As COSO and ISO continue to suggest or imply that strategic risk has multiple dimensions, it is worth considering how these dimensions can result in alternative scenarios. A review of the strategy and disruption reading list on the prior blog (or taking my strategic risk analysis class) would suggest that the relationship between performance over time depends upon managing the strategic risks. Managing or not managing these strategic risk dimensions can lead to two alternatives: cool or uncool.
Cool: The organization understands the current market, regularly challenges their view, and identifies (and measures success on) future dimensions.
Not Cool: Management has not given much thought (nor analyzed) as to how their business aligns to the market, environment, and its direction.
Cool: The organization builds capabilities and market advantages based on a reasonable analysis of the market and expectations of future gains and cash flows.
Not Cool: The organization spends its money primarily based on last year's budget or has no idea how the budget aligns to building strategic advantages.
Cool: The business model is clearly understood, frequently tested, and customers relationships are powerful, sticky, and linked to value.

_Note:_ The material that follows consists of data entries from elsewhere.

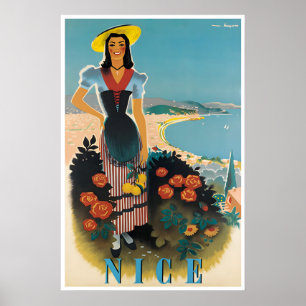 Nice France Travel Poster French Art Beach Print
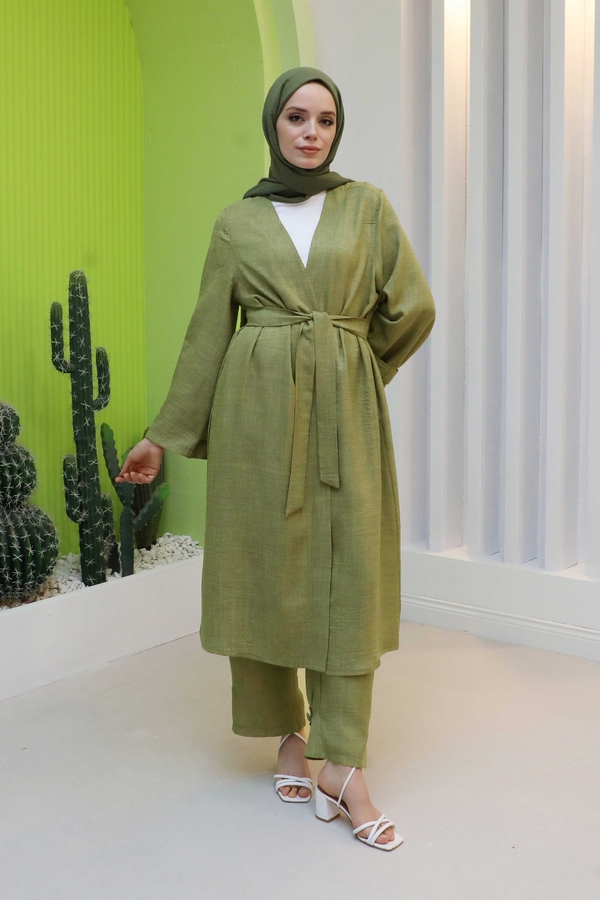 Apolet Detaylı Kuşaklı Takım Haki - 2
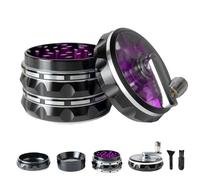 Clear Top Herb Grinder Metal Large 2.5'' Large 4-Part, Aluminum Alloy Spice Grinder with Foldable Handle,Pollen Scraper and Cleaning Brush (Black Purple)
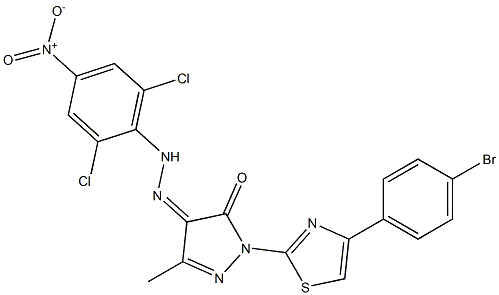 1-[4-(4-bromophenyl)-1,3-thiazol-2-yl]-3-methyl-1H-pyrazole-4,5-dione 4-[N-(2,6-dichloro-4-nitrophenyl)hydrazone] Struktur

New business models, innovations, or service opportunities are regularly sought after.
Not Cool: Just go sell something.
Cool: The organization recognizes it is an uncertain, disruptive, and changing world and aggressively seeks to gain more knowledge, minimize surprises, be robust when surprises occur (knowing they can occur), and be agile in quickly responding to changes.
Not Cool: The organization regularly gets surprised and has trouble recovering or adapting from certain events, regularly disappointing stakeholders.